Por aquel entonces, las leyes patriarcales del franquismo otorgaban automáticamente la custodia al padre, haciendo que Matute perdiera inicialmente todo derecho a ver a su hijo. Goicoechea se llevó a Juan Pablo a Barcelona, mientras la autora buscó refugio en el matrimonio de los Cela. Fueron estos los que permitieron a la desdeñada madre recomponerse un poco, pero los primeros atisbos de la profunda depresión que sufrió en vida empezaron a florecer en estos momentos.
Matute estuvo entre dos y tres años sin poder ver a su hijo. Lograba verle de caridad algunos sábados de cada mes, cuando su suegra se lo permitía. Juan Pablo recuerda esas largas tardes en las que madre e hijo iban al cine o a merendar, "siempre en taxi, porque ella nunca condujo". Ya de adulto, Matute miraba a su hijo. "¡Ay, Dios mío! ¿Dónde se ha ido mi niño de los sabaditos?", lamentaba, apurando la vida las 24 horas del día.

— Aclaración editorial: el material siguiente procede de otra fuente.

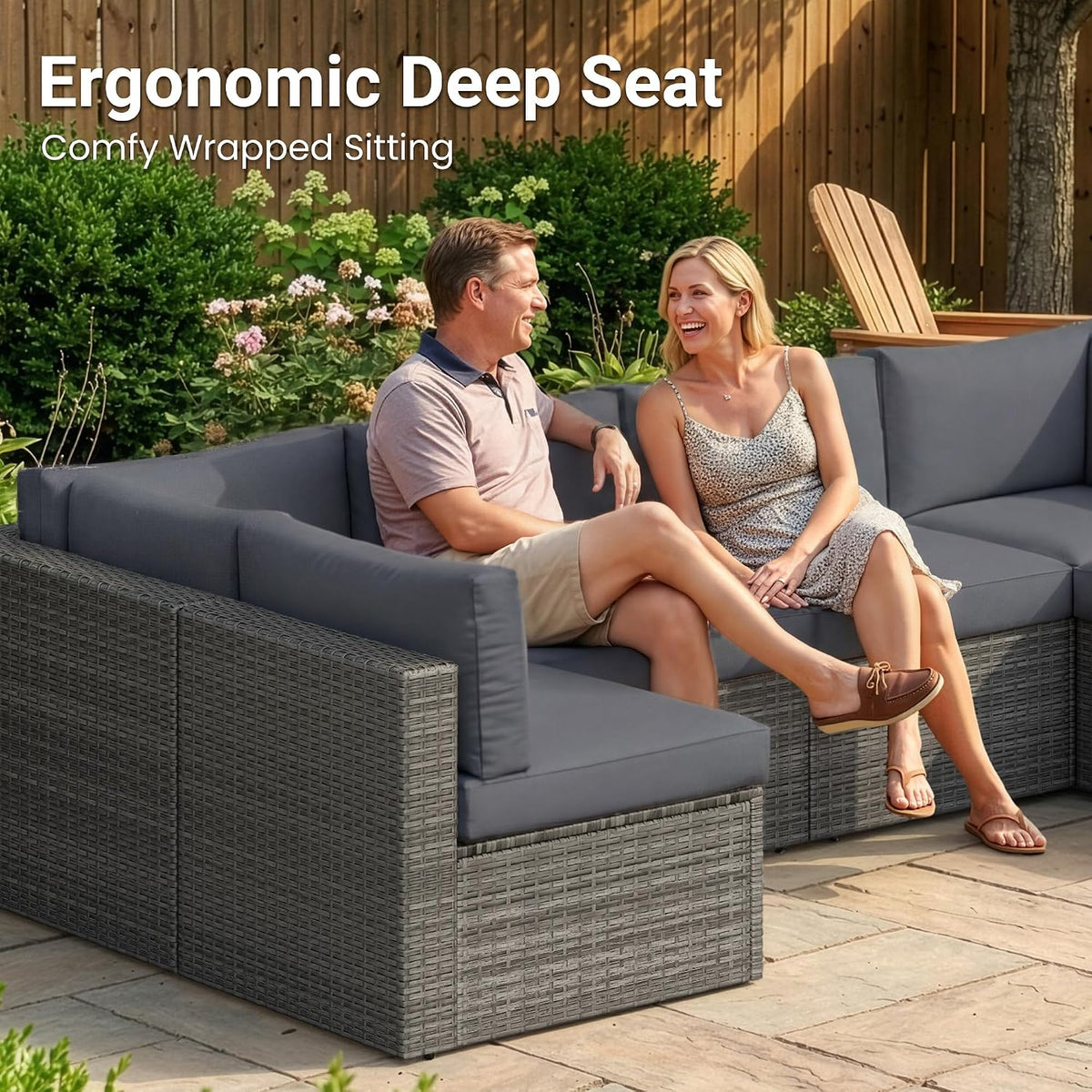 Wisteria Lane 7 Pieces Wicker Patio Furniture Set, All-Weather Patio Sectional Sofa with Coffee Table, Outdoor Sectional Furniture for Garden Backyard, Grey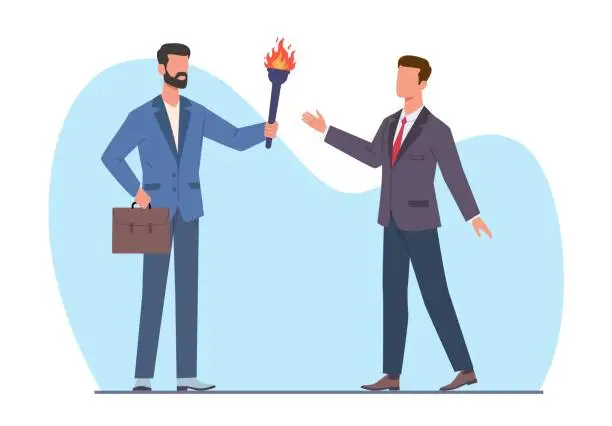 Vector illustration of Senior businessman passes baton to his young successor. New employee or junior in workplace, mentorship and coach. Work mentoring and training. Employees education. Cartoon flat vector concept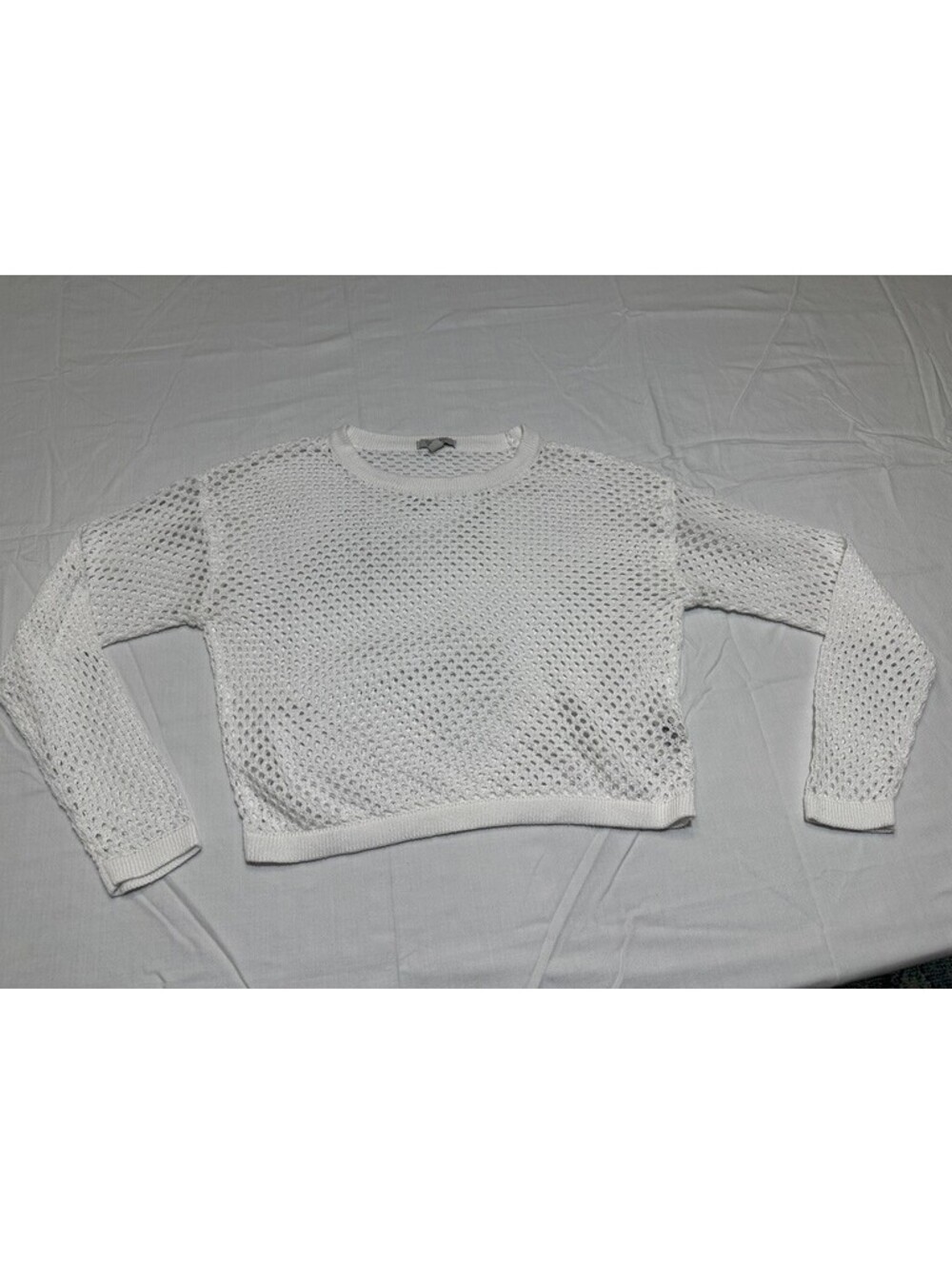 Ladies Orange Kiss Essentials White Crochet Sweater Knit Size L Bo ho Spring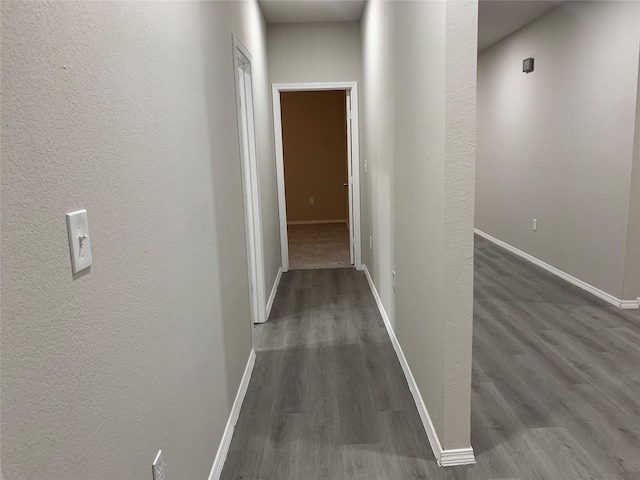 hallway featuring dark wood-type flooring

Juntos de nuevo, y aprovechando una oferta laboral para impartir clases en una universidad de Indiana, Matute y su hijo se mudaron a Estados Unidos, donde permanecerían hasta 1966. A su regreso, se radicaron en Sitges, cerca de la familia materna. Fue allí donde la escritora conocería a su segundo esposo, Julio Brocar, menos villano que Goicoechea y con el que mantendría una relación de más de dos décadas. "Era feliz, pero todo lo sufrido me pasó factura", recordaría Matute cuando, el 26 de julio de 1990, coincidiendo con el día de cumpleaños de la escritora, Brocar falleció repentinamente. Matute no pudo escribir a consecuencia de la tristeza. Seis años después volvería al panorama literario con su epopeya fantástica Olvidado Rey Gudú. El resto es historia de la literatura española. Goicoechea, por su parte, pasaría a los anaqueles literarios por ser "el marido de Ana María Matute". Su producción literaria es meramente una anécdota.